▶ DATA FOR ANALYSIS
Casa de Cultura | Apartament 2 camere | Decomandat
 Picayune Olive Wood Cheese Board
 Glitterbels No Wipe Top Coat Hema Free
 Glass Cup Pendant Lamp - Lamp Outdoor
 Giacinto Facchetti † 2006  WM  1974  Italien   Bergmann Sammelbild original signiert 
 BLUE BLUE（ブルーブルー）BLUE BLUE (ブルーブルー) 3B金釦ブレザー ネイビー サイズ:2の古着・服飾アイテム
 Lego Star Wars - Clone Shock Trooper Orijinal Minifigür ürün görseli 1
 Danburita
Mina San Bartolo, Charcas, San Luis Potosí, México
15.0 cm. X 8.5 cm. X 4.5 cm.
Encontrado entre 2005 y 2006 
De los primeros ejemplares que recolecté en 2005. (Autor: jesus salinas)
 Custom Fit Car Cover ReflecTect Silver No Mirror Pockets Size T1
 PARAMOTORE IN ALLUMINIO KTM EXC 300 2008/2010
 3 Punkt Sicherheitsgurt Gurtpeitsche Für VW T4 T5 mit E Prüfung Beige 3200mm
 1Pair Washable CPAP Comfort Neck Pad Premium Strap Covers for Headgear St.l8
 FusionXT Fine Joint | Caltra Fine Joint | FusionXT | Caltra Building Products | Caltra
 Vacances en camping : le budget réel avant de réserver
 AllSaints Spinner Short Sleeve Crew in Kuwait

▶ PROBLEM DESCRIPTION
Once the line containing "Picayune Olive Wood Cheese Board" is found, print it and every line after it through the end of the listing, exactly and alone.

▶ RESPONSE AREA
 Picayune Olive Wood Cheese Board
 Glitterbels No Wipe Top Coat Hema Free
 Glass Cup Pendant Lamp - Lamp Outdoor
 Giacinto Facchetti † 2006  WM  1974  Italien   Bergmann Sammelbild original signiert 
 BLUE BLUE（ブルーブルー）BLUE BLUE (ブルーブルー) 3B金釦ブレザー ネイビー サイズ:2の古着・服飾アイテム
 Lego Star Wars - Clone Shock Trooper Orijinal Minifigür ürün görseli 1
 Danburita
Mina San Bartolo, Charcas, San Luis Potosí, México
15.0 cm. X 8.5 cm. X 4.5 cm.
Encontrado entre 2005 y 2006 
De los primeros ejemplares que recolecté en 2005. (Autor: jesus salinas)
 Custom Fit Car Cover ReflecTect Silver No Mirror Pockets Size T1
 PARAMOTORE IN ALLUMINIO KTM EXC 300 2008/2010
 3 Punkt Sicherheitsgurt Gurtpeitsche Für VW T4 T5 mit E Prüfung Beige 3200mm
 1Pair Washable CPAP Comfort Neck Pad Premium Strap Covers for Headgear St.l8
 FusionXT Fine Joint | Caltra Fine Joint | FusionXT | Caltra Building Products | Caltra
 Vacances en camping : le budget réel avant de réserver
 AllSaints Spinner Short Sleeve Crew in Kuwait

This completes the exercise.